While greater efficiency has been a primary goal for modern gas turbine manufacturers, another that has come to prominence since the beginning of the 21st century is flexibility. Flexibility is most important for large, high-efficiency combined cycle plants. Smaller, open cycle gas turbines can generally be operated flexibly with little penalty. The goal of flexible operation is to be able to maintain good efficiency at part load as well as full load, and to be able to change load quickly. To achieve this, many involve sacrificing the ultimate level of efficiency. Flexible operation for combined cycle power plants will be examined in more detail later in the chapter.

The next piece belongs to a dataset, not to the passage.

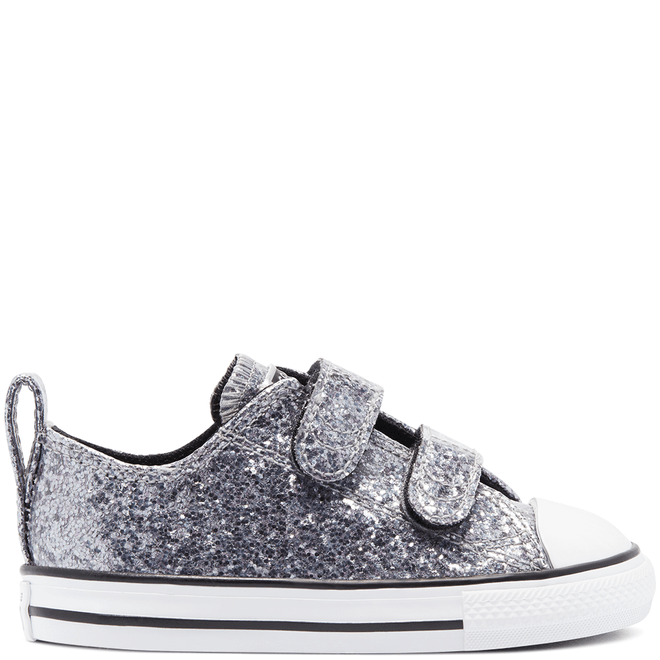 Coated Glitter Easy-On Chuck Taylor All Star Low Top 769297C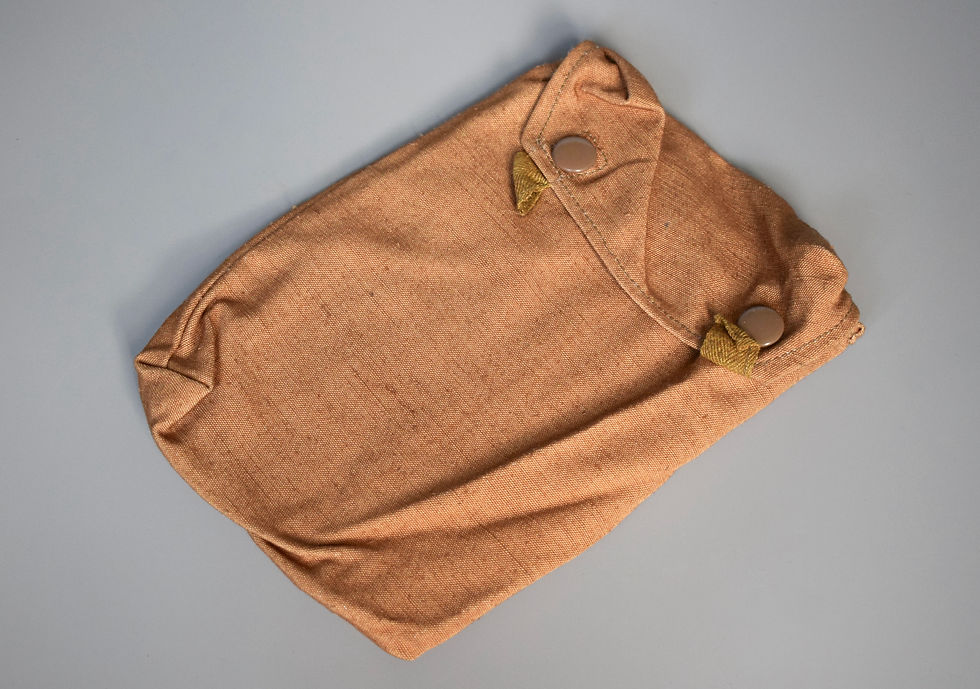 Thumbnail: Unissued tropical gas cape bag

Advanced gas turbine cycles

The basic gas turbine configuration as just outlined can be modified in a number of ways to attempt to enhance the performance. Reheating, alluded to briefly already, involves adding a second combustion stage and splitting the turbine section into two parts. Intercooling is an analogous modification to the compressor in which this is divided into two stages, with cooling of the air in between them. Water vapor or steam injection into the inlet air before, within, or after the compressor can increase overall efficiency by creating a larger mass flow for less energy input. Finally, it is possible to capture some of the heat from the exhaust of a simple cycle gas turbine and use it to heat the compressed air from the compressor stage before it enters the combustion chamber, again leading to an improvement in efficiency. Some of these modifications can be utilized in gas turbines within combined cycle configurations, and others are only useful when the gas turbine is operating in an open cycle.

Reheating

In large steam turbine–based power plants it is traditional to split the turbine into separate sections: one handling high-pressure steam, one handling intermediate-pressure steam, and a third handling low-pressure steam. By splitting the turbine this way, efficiency gains can be made through matching the individual turbine sections to operate under a narrower range of steam pressures. Further, once the turbine has been split into separate sections, additional efficiency gains can be made by reheating the steam when it exits the high-pressure turbine (where it will have cooled) and before it enters the intermediate-pressure turbine. This is a common feature of the steam turbines used in coal-fired power plants.

The power turbine stage of a gas turbine can also be divided up in a similar way, though normally only two separate sections, called spools,7 are used as shown in Figure 4.5. One of these is called the high-pressure spool and the second a low-pressure spool. Once the turbine has been split into spools it is possible to introduce a second combustion stage to reheat the air between the high-pressure and low-pressure spool of the power turbine. Reheating increases turbine efficiency in the same way as for a steam turbine by optimizing power turbine and gas flow conditions. Further, it can allow the turbine to achieve higher efficiency with a lower turbine inlet temperature, making less demand on material performance.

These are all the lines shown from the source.